シャルちゃんの家にお呼ばれしたあの日から数日と経った今日。わたしら八神家は今、本局へ赴いてる。ホンマは日本で今年最後の31日をみんなで過ごす予定やったけど、それより優先するべき用事が出来たからや。

◦―◦―◦回想や◦―◦―◦

シャルちゃんの家に来たその日のうちにわたしの目的を果たすことが出来た。融合騎に詳しいってゆう技術者、ミミルさん。技術者ってゆうからもっとこう・・・体の弱くて気難しそうな男の人を想像してたけど、シャルちゃんに紹介された人は女性やった。ブラウスにタイトスカート、そして白衣って格好は医者っぽいし。
しかも「はじめましてぇ~。私がミミルよ~」リインフォースやシグナム以上におっぱいが大きくて背も高い。妖艶って言葉がよく似合う人やった。そんなミミルさんと一緒に双子のメイド、ルーツィアさんとルーツィエさんに連れられて元の応接室に戻った後、わたしらも自己紹介を終えた。

「イリスちゃんから話は聴いているわ~。融合騎を生み出したいってことだったわね~」

「はい。出来れば早い内に・・・」

ミミルさんは長い脚を組んで、「そうね~。
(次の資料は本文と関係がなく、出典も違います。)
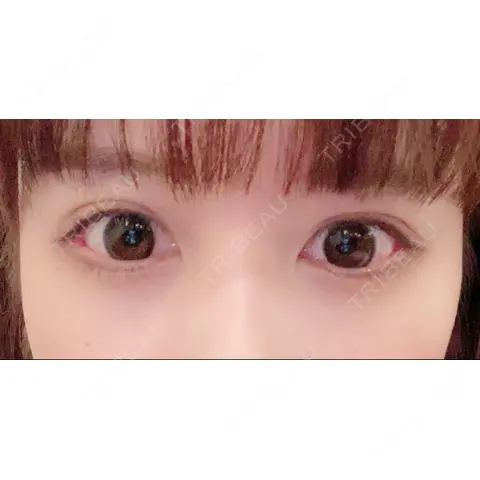 二重切開 / 上まぶたたるみ取り 酒井形成外科 AFTER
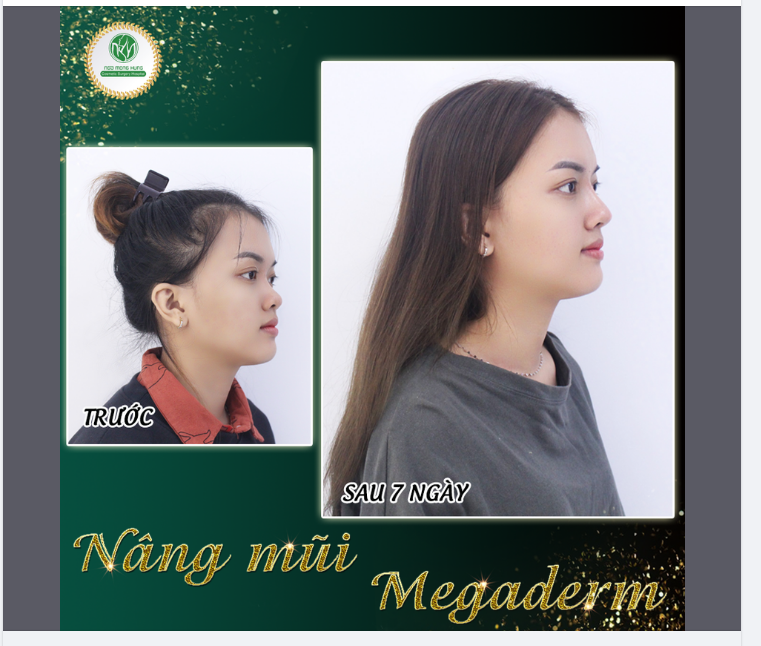 HÀNH TRÌNH 7 NGÀY SỞ HỮU DÁNG MŨI ĐẸP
早くても3ヵ月はかかるわね~」って言うた。リインフォースの寿命は半年。その内の半分。リインフォースと新しいわたしのパートナーが一緒に居れる時間がある。それは願ってもないことや。

「はやてちゃん、だったかしら~。あなたがロード、マイスターになるのよね~。どういった風な融合騎にしたいの~?」

「どういった風、ですか・・・?」

「そう~。男の子、女の子、男性、女性。人型に限らずに~、猫や犬とか~。いろいろとね~」

わたしの両側に座る家族みんなに一度視線をやる。まず動物型か人型かで言うたら、絶対に人型。これは相談するまでもなく決まってる。ヴィータが「はやて! あたしより小さい、妹みたいにして!」そうリクエスト。ヴィータより小さい子かぁ。
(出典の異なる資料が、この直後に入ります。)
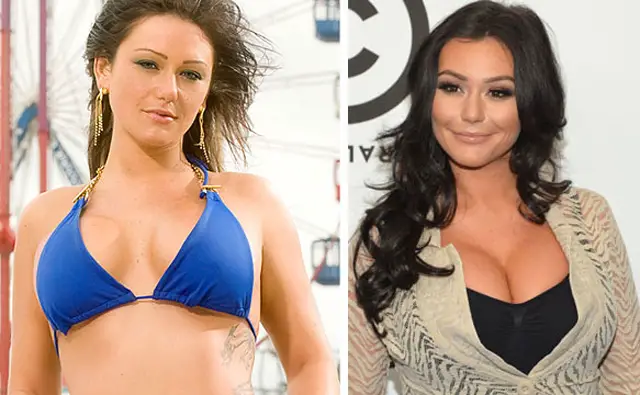 JWoww Breast Implants Plastic Surgery Before and After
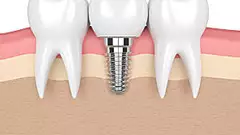 Dental Implants in 2019 are Now More Affordable Than Ever! See Here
「古代ベルカ、その中期以前は成人サイズが普通だったけど~、それ以降は手の平サイズの融合騎が主流だったらしいわ~。コストも少なく済むしね~」

ミミルさんが両手でこのくらいって風に大きさを示した。手の間の幅から言って30cmちょい。リインフォースが「アギトやアイリくらいの身長だな」って納得した。オーディンさんを主としてた当時、みんなの家族やった融合騎、アギトとアイリ。絵でしか見たことないけど、描かれてた笑顔を見ればええ子やってことは判る。
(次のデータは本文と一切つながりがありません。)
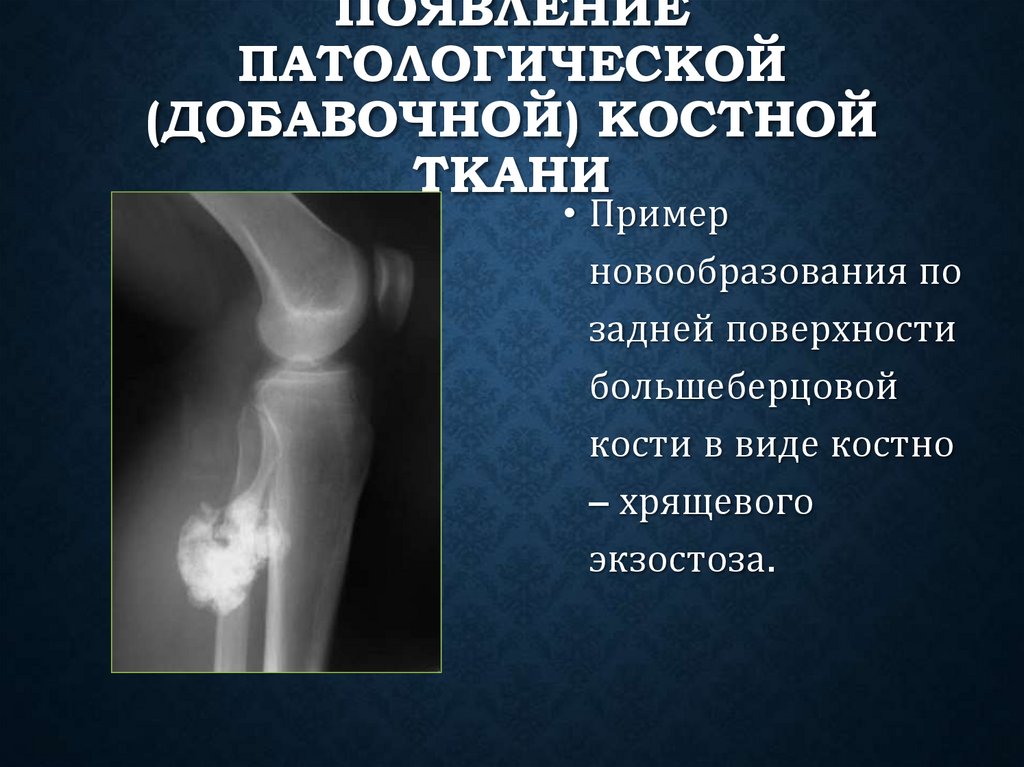 Появление патологической (добавочной) костной ткани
「みんなはどうや? わたしはみんなの希望を聴いときたい。みんなで一緒に生みたいからな、新しい家族を♪」

そうゆうわけで、みんなの意見を取り入れながら八神家の末娘のイメージを作り上げてく。まずわたしの意見は、リインフォースの外見と名前の引き継ぎ。ヴィータは、自分より身長の低い子。シャマルは、ヴィータくらいの身長への変身機能(アギトとアイリも持ってたらしい)。リインフォースは、自分の身を守ることが出来て、なおかつわたしの役に立てるだけの魔法を扱える。シグナムやザフィーラは意見無し。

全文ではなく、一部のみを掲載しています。